Three overarching and urgent needs emerged from the debate: unified strategies for storing and interpreting genomic sequence data; mechanisms to protect patient privacy and prevent misuse of genetic data to stigmatize or discriminate against individuals; and the need for education—for physicians, medical geneticists, genetic counselors, and patients—on how to present and share sequence data and what it may or may not mean.
There was general support for the creation of an international, curated genotype/phenotype database to help accelerate and standardize data interpretation and understand differences based on ethnicity, and for an international, multidisciplinary body of experts that would establish underlying principles, monitor the field as it advances and evolves, help determine what filters are needed between sequence information and clinicians/patients, and devise strategies to protect individual privacy.
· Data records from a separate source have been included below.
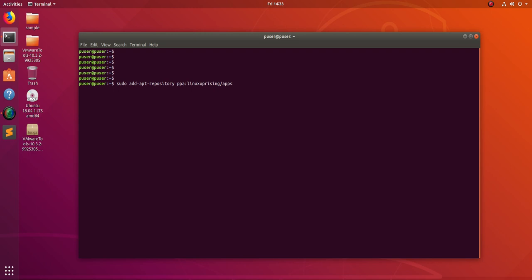First we need to add this repository. I will post the commands in the description, you can copy from there.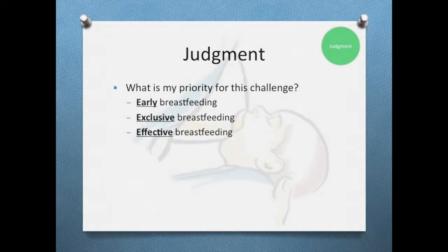My overall priorities for these breastfeeding challenges include the three E's discussed in our course content: early breastfeeding, exclusive breastfeeding, and effective breastfeeding. I would want to work through each of these subjects with the mother to ensure the breastfeeding relationship is as optimal as it can be under these circumstances.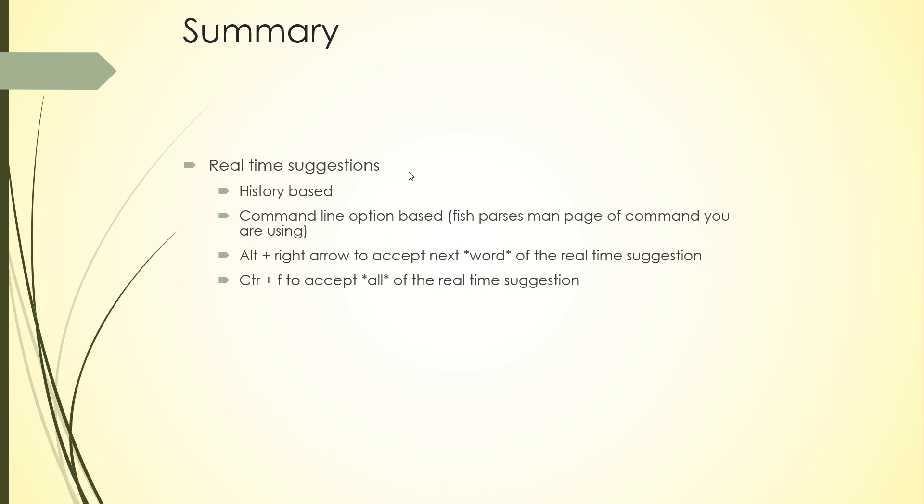Real-time suggestions was the first feature we looked at. That's based on your history—it's in light gray text. It's also command line option based, so remember Fish parses the man pages of the command you're using and offers you real-time suggestions and tab completion based on them. Alt+right arrow to accept the next word of the real-time suggestion, Ctrl+F to accept all of the real-time suggestion.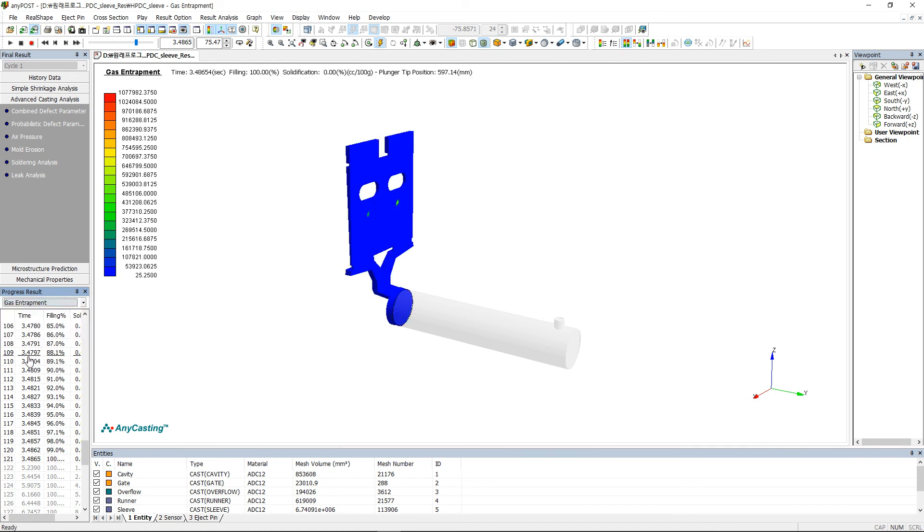Gas entrapment is gas volume and distribution in melt during filling. Please refer to user manual for fine adjustment or data export when observing other results.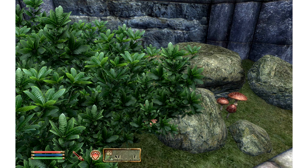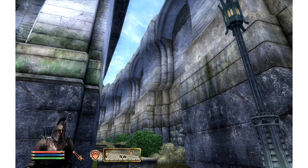In order to showcase these new textures, the modder has released the following screenshots. Unfortunately, he did not provide any before-and-after comparison screenshots. Still, these screenshots will give you an idea of the newly improved textures.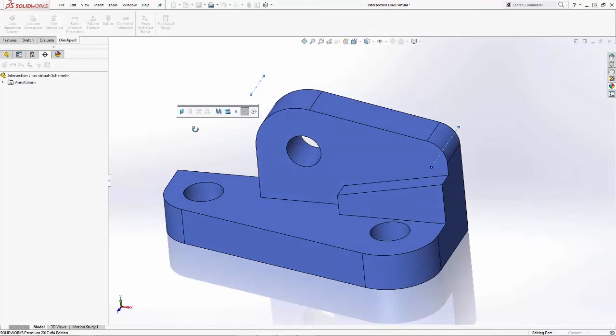DimXpert dimension between intersect lines have multiple direction options. The direction can be along the X, Y, or Z axis, normal which is the default, or along a user defined direction. The user defined direction requires the selection of an edge for that direction. Let's go ahead and take a look.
There was no consensus or definitive answers to several issues raised, such as how to pay for testing and what it will take to convince payers that whole-genome sequencing is cost-effective; what constitutes true informed consent; and who should have access to a patient’s sequence information.
The panelists challenged each other to delineate the point at which DNA sequence data has clinical utility—when it is “actionable” and how to define what actionable even means. Does it have to guide treatment decisions for a patient with a diagnosed disorder or is it actionable if it can simply improve quality of life and perhaps impact a person’s risk of developing a disease?
For example, would it be valuable to be able to tell patients they have a genetic trait associated with an increased risk of high cholesterol if it might encourage them to change their lifestyle and behavior to modulate that risk?
Another complex question arose: for WGS data collected now and stored for future use, who is responsible for maintaining, updating, and re-analyzing the data as new knowledge becomes available? And is there, in fact, a moral obligation to reanalyze the information and report the results to patients?
Where clear differences of opinion emerged was in discussions comparing the short-term and long-term value of targeted genomic sequencing, whole-genome sequencing, and exome sequencing. Should the focus be on collecting WGS data because there is more of it and because we can or is it more appropriate and cost-effective to redo targeted sequencing as needed?